Contamination incidents since LL601

4.3.7 GM contamination incidents since the LL601 case include the contamination of Chinese rice imports in 2008 with the unapproved trait Bt63 and the contamination of Canadian flax imports with the unapproved GM trait CDC Triffid in 2009. In both cases the UK response has been more urgent and effective than for LL601 rice, possibly as a result of the use of the FOI Act to obtain documents showing the lack of coherence and urgency of the FSA’s initial response to LL601.

4.3.8 We have made further requests to the GM Inspectorate (GMI) regarding the possible import of flax seed from Canada potentially contaminated with CDC Triffid (having first checked the GMI’s website for relevant information and found none). The GMI’s initial response was reassuring but lacked any detail to back up its position. We had to make a second request to obtain the risk assessment documents showing in detail the measures taken to ensure that seed lots from Canada were free from GM contamination. We concluded that the GMI measures would probably have prevented contaminated seed being sown in the UK. This begs the question why the GMI had not posted its risk assessment on its website as soon as it was available, as it would certainly have helped farmers and other interested parties to make judgements about the risk of GM contamination and saved the costs of dealing with two information requests from GM Freeze.
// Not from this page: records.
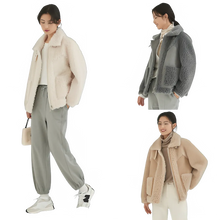 Load image into Gallery viewer, Luxurious Women's Sheep Shearling Coat
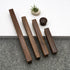 JAYA Modern Minimalist Solid Wood Cabinet Handles and Round Knobs Custom Wooden Drawer Pulls for Kitchen Cupboard Wardrobe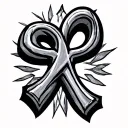 Ankh tattoo design idea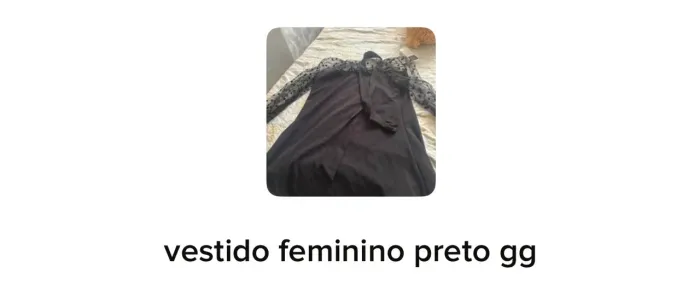 Vestido feminino preto gg com tule de poa
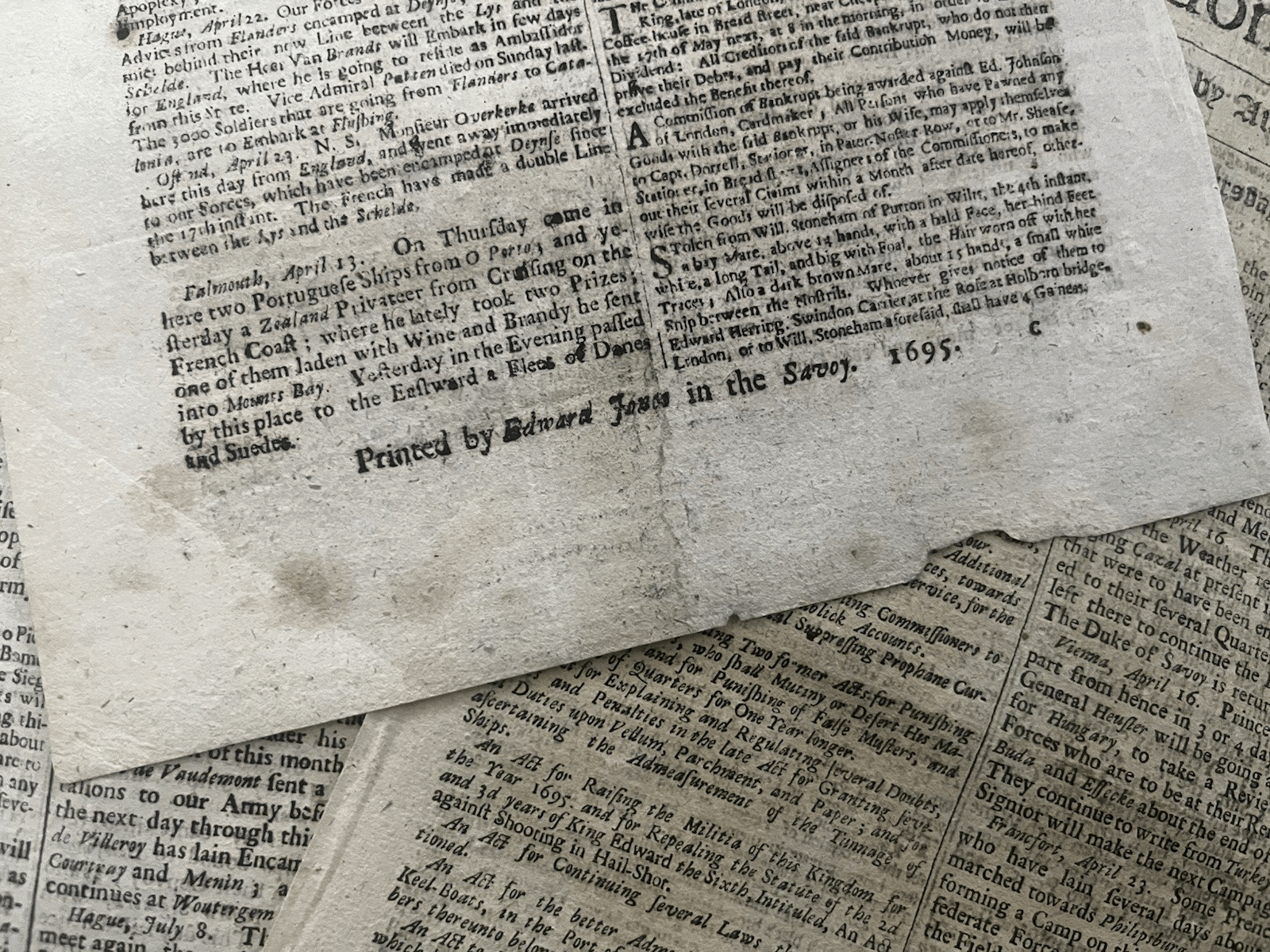 THE OLDEST NEWSPAPER IN THE WORLD - The London Gazette 1600s Editions | Books & Magazines > Antiquarian & Collectible | Antique Books & Manuscripts | Antique Books & Manuscripts | Rare Historical Documents Worldwide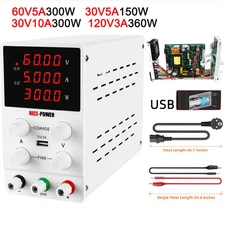 30V 10A 60V 5A DC Regulated Power Supply Adjustable Voltage Regulator Stabilizer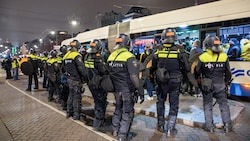 Unruhen nach dem Fußballspiel zwischen Ajax Amsterdam und Maccabi Tel Aviv (Bild: AFP or Licensors)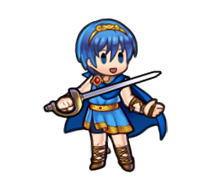 Marth: Legacied Hero's Sprite in Heroes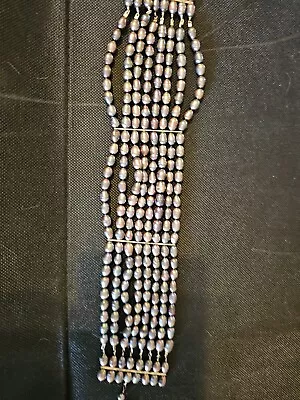 Freshwater Pearl Multistrand Large Choker Vintage • $35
4.3.9 From our own experiences, we have concluded that the FOI Act has gone some way to make the monitoring and enforcement of the GMO regulations more open and transparent, but there is still a reticence to be fully transparent about what has happened, where, why and what remedial measures were taken in cases involving contamination.

Somerset GM oilseed rape contamination

4.3.10 Reluctance to release all relevant information is illustrated by the case of the 2008 Somerset oilseed rape (OSR) field contaminated with Monsanto’s unauthorised GM trait GT73. Our interest was to ensure that the local environment and farmers/beekeepers were protected from a prolonged contamination, as we were aware that OSR seeds are persistent in the soil, that the plant can cross out into other crops and wild relatives of the crop and that GM pollen could be transported over several kilometres by wind or pollinating insects including honey bees. Our concerns grew when Defra revealed in its initial notification of the incident that the trait had already crossed into a neighbouring OSR field. In addition we felt the case may also throw useful light upon the issue of the coexistence of GM and non-GM crops, suitable separations distances between them and liability for any harm caused by GM contamination.

4.3.11 However in response to our request for basic information about the incident, Defra did not provide the full picture. It withheld the precise location of the contaminated field and the distance between the contaminated crop and the contaminated neighbouring field, on the grounds that this information was the landowner’s personal data under the Data Protection Act and the case was not of sufficient public interest to merit the Data Protection Act being waived to reveal it. We appealed against this decision to Defra and then to the ICO and finally requested an Information Tribunal. The judgment of the Tribunal upheld Defra’s position because the level of contamination was felt to be too low to bring public interest into play. We do not consider that using the level of contamination or pollution to decide whether the Data protection exemption should apply is in the spirit of the FOI Act.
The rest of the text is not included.